3.4. Comparative Experiment
The performance of the proposed approach is compared with that of several other state-of-the-art methods for small-target detection. In order to accurately illustrate the effectiveness of the proposed method, its detection accuracy is quantitatively compared with that of the other state-of-the-art methods.
Table 3 presents the values of the accuracy measures of the six methods on the two datasets. Among them, the best result for a measure is highlighted in bold, and the second place is marked with a horizontal line.
As shown in
Table 3, there is minimal difference in performance between the FPN method and the U-Net method on the two datasets. The performance of the U-Net method surpasses that of the FPN method, suggesting that while the introduction of the FPN method marks a milestone for infrared multi-scale small-target detection methods, the U-Net network still maintains a competitive edge in infrared small-target detection due to its encoder–decoder “U”-shaped network. The TBC-Net model incorporates semantic constraint information from high-level classification tasks, effectively addressing the imbalance issue between small targets and backgrounds. The ALC-Net model utilizes a bottom-up attention mechanism to effectively preserve the features of small targets. The DNA-Net model exhibited poor performance in this experiment. The method proposed in this paper demonstrates the best performance compared to all other methods. Although its AUC value on the SIRST dataset is not the highest, the method proposed in this paper achieves the best overall performance and is the most effective of all tested methods for infrared multi-scale small-target detection.
4. Conclusions
In this paper, an infrared multi-scale small-target detection method based on a feature pyramid network is proposed. The proposed approach incorporates two new components into the ResNet18 architecture. Firstly, three PSC modules are added to the feature pyramid network to obtain features that can enhance the detection ability. Secondly, the DAF module is utilized to improve the detection accuracy.

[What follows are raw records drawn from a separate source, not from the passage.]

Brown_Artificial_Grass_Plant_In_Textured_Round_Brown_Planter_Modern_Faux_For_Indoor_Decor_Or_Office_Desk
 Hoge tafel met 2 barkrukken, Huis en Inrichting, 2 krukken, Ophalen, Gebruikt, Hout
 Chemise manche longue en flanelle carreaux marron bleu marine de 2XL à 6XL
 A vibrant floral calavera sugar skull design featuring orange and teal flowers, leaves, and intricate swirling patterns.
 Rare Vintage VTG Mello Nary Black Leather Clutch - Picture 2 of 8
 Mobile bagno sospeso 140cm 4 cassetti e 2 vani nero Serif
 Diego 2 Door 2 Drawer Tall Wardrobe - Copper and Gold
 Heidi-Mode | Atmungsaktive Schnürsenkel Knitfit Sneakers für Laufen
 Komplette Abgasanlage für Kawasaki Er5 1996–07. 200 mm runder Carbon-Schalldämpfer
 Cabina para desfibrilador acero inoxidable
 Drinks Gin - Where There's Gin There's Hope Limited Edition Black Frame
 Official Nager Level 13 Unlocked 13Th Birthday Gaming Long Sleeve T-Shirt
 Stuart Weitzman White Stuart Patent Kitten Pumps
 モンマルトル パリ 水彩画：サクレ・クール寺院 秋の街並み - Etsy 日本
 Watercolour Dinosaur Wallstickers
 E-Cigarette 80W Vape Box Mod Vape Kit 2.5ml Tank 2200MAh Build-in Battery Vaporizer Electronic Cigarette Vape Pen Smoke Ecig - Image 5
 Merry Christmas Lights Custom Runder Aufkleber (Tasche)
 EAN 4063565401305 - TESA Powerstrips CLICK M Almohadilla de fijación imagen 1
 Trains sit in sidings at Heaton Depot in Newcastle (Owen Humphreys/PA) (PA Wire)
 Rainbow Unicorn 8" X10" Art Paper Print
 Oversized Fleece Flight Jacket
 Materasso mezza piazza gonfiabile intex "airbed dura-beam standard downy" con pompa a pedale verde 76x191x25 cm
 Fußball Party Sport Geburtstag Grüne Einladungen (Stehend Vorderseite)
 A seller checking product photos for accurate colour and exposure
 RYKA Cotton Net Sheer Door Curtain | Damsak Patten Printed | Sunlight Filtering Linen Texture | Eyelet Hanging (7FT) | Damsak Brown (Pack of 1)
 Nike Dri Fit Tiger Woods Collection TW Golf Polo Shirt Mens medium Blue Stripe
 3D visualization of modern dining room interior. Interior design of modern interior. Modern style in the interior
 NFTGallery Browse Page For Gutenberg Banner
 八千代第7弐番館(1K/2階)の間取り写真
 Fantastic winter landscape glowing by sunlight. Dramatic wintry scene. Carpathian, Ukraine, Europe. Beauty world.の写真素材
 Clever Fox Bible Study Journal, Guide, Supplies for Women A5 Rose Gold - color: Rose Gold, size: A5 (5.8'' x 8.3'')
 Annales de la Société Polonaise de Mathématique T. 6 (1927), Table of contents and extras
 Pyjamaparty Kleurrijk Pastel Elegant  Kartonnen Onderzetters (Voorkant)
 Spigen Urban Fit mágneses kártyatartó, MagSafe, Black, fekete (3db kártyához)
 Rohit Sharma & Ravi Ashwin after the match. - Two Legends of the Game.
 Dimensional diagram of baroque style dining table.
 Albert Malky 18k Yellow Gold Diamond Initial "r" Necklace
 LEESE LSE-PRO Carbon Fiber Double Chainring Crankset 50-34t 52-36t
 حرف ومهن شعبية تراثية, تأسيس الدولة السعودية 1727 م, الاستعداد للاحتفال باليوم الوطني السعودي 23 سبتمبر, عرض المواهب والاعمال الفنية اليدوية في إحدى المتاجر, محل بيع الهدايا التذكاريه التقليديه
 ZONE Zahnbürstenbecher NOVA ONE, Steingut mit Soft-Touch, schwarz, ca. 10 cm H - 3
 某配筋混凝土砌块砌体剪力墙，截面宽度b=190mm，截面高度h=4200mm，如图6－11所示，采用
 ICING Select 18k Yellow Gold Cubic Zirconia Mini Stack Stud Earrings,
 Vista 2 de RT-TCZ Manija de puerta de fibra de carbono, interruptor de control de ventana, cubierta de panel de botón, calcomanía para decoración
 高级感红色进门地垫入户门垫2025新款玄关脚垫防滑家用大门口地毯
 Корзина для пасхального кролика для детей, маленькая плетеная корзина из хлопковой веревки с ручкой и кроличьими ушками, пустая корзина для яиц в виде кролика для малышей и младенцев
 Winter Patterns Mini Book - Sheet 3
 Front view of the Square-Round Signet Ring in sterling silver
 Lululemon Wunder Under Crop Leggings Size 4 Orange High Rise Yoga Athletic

The infrared small-target detection architecture proposed in this paper is more accurate and robust compared to other methods. It is capable of retaining the location information of small targets while extracting deep semantic information, resulting in higher detection accuracy and lower false-alarm rates. However, it requires high GPU and memory resources and may not be suitable for resource-constrained environments. As the use of infrared small-target detection technology increases in detecting and tracking targets at long distances or under low-light conditions, there is a need to continuously improve the speed and accuracy of model detection to meet the requirements of real-world scenarios in the future.